82. The difference in the gaseous contents of the blood going to the textures, and that which returns from them, is accompanied with a great difference of colour. When blood is allowed to flow from a vein, it comes in a stream as dark as claret, while the blood which comes from a superficial cut is much lighter, and what spouts from a wounded artery is of a bright scarlet. The dark blood from a vein, when spilt on the ground, becomes bright in a few minutes, exposure to the oxygen of the air sufficing to enable it to part with carbonic acid, and take up oxygen; and scarlet blood exposed to carbonic acid becomes dark. If a test tube be filled to about a fourth from the top with defibrinated blood, such as can be obtained by breaking down clot, and be shaken up a few times so as to enable the air to mix with it, it will become bright scarlet, and when allowed to stand for some time it will get dark again; when shaken a second time, it will again grow bright; and this experiment may be repeated on the same specimen of blood day after day. The same changes may be exhibited with a solution of the colouring matter of the red corpuscles; for the corpuscles are destroyed by addition of water, and their fluid contents are set loose, and this solution altera its colour on exposure to oxygen and carbonic acid alternately.

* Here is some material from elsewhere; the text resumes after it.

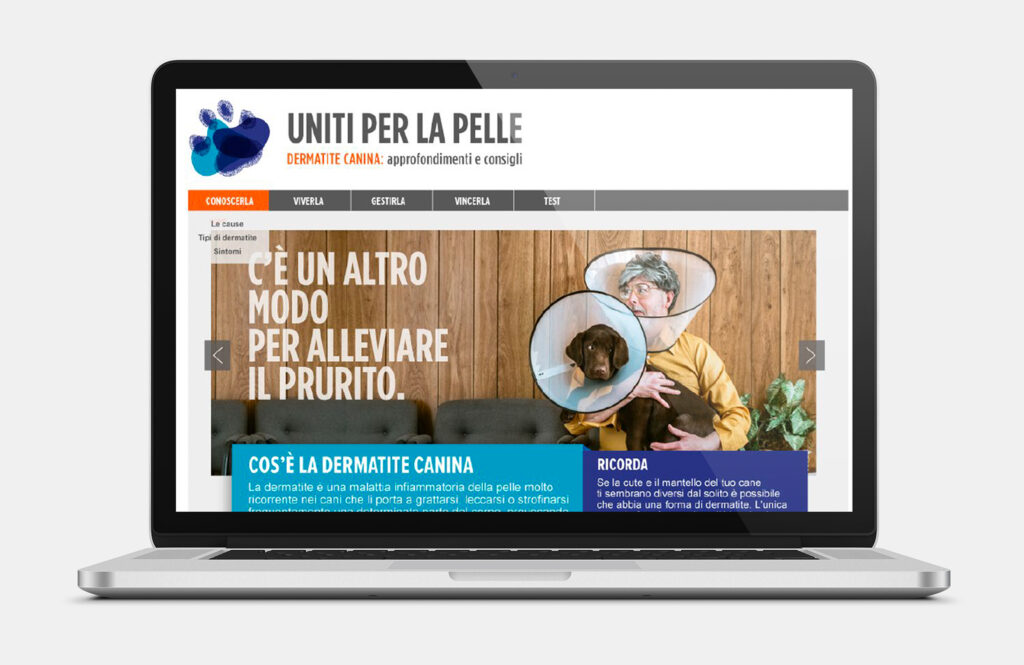 zoetisFotoPC Fto che ritrae una scheramata di un pc, sulla pagina web di Uniti per la pelle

It appears, therefore, in the first place, that the difference in colour of dark and scarlet blood depends, at least partly, on a chemical change in the coloured contents of the corpuscles; and this agrees with the results of spectral analysis, by which it is proved that the colouring matter, or cruorin as it is sometimes called, if arterial blood, is a different chemical substance from that of venous blood (Stokes). In the second place, it appears that the haemoglobin is the oxygen-carrier in the. blood. Indeed, it is proved by direct experiment that serum has little more power of absorbing oxygen than water has. With regard to the carbonic acid of the blood, although no doubt a large portion of it is known to be contained in the serum, it seems probable, from the effect of that gas on the colouring matter, that the portion which is removed in respiration belongs to the corpuscles.

83. Before leaving this subject, it may be well to notice an exception to the general rule, that blood returning from the textures is dark—not only is that sent to the heart from the lungs scarlet, but the blood returning from certain glands in action is of the same tint. Thus, in experiments on dogs it has been found, that while the blood in the veins coming from the sub-maxillary gland is dark when the gland is at rest, if the nerve (chorda tympani) which supplies the secreting structure be excited, and the gland thus irritated to secrete saliva, a much larger quantity of blood passes through the gland, and it escapes from it scarlet. The blood returning from the kidneys is also scarlet as long as urine is secreted, but is dark when, from any cause, the secretion ceases. In both these instances, it will be observed, that an enormously larger amount of blood basses through the organ than is required for the nourishment of its textures. In the same way, if the blood-vessels of a rabbit's head are paralysed by dividing the sympathetic nerve in the neck, in consequence of the great increase of blood allowed into the part, a portion returns unaltered, and the blood is found red in the jugular vein.